Background: I read a sample of the novel on my Kindle, enough to know some details of the initial setting, and I had heard that the film takes place across a wide span of time, with interconnected lives. Other than that, I didn’t know much about it, as I prefer reading reviews and analyses after seeing a movie, and not before.

Also, I have some pretty serious facial recognition issues, so the identity of actors in multiple roles was not at all obvious to me, which pretty much guaranteed the story would be over my head. I had to read an IMDB summary afterward to get the core idea.

But it’s not the intricate story that leaves me pondering. It’s the treatment of race and setting. A lot has been written about Caucasian actors playing Asians in the film. The logical reason for this is pretty straightforward: people are reincarnated with varying racial backgrounds and for continuity the same actors were used regardless. It’s probably fair to ask why Caucasian actors were chosen—and the film might have done better with more mixed-race actors come to think of it. Halle Berry seemed able to pull off the various roles better than most, from my perspective.

But for me personally, the 1940s fake-“Asian” look was very unsettling, very distracting. For me, it doesn’t even trigger the meme “Asian.” More like “Romulan,” or “Vulcan,” or “holy cow, what in the world are they doing…?” I am told this was an indie movie and maybe they didn’t have the budget to do it right, but given the lush, eye-candy settings throughout the film, that’s a little hard to parse.

One racial aspect that I found almost no mention of online was that the people in the opening chapters of the book who were Maori, became people of African descent in the movie. I can come up with possible reasons for this, but it still seemed like Polynesia was being “disappeared,” written out of world history and replaced by another people.

And then there was “The Big Isle.” I gather from comments I’ve heard and from Wikipedia that in the book this actually does refer to our “Big Island,” Hawaii, the largest island in the Hawaiian Archipelago.
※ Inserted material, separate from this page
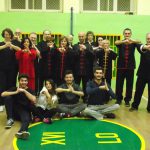 Grupa studentów stoi w sali gimnastycznej - trening Tai Chi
But I can tell you that was not the Big Island. There was nothing about it that recalled the Big Island: not the geology, not the flora, not the people, nothing.

I raise my hand and plead guilty to writing about places I haven’t been, but I have to presume the makers of this film could have gone to the Big Island if they wanted to. So I have to assume they found a more budget friendly location, which is fine, I understand that.
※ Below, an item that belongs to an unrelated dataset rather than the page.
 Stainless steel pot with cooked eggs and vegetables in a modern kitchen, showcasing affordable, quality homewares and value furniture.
But why is every post-apocalyptic survivor on the “Big Isle” seemingly pureblood Caucasian? I don’t think it’s a big secret that here in Hawaii there are a lot of people of Hawaiian ancestry, along with many other racial groups. I also don’t think it’s a secret that here in Hawaii we tend to marry across racial lines very, very frequently (I volunteer myself as an example). For at least twenty years the standard couple in banking commercials has been Asian/Caucasian. These days it seems more unusual to see people of the same race marrying, than to see mixed marriages. So…what happened during the apocalypse to erase our mixed race society? The science-fictional mindset kicks in and I find myself wondering if a racially targeted, engineered virus wiped out all but the Caucasian purebloods…but that has nothing to do with the story. So again, I’m distracted from the actual story by the (to me) inexplicable world-building choices–which goes to show the importance of world-building.

I will try to stop pondering now. I have my own stories to write, my own world-building choices to make. I’m sure I won’t always get it right, but I’ll keep trying.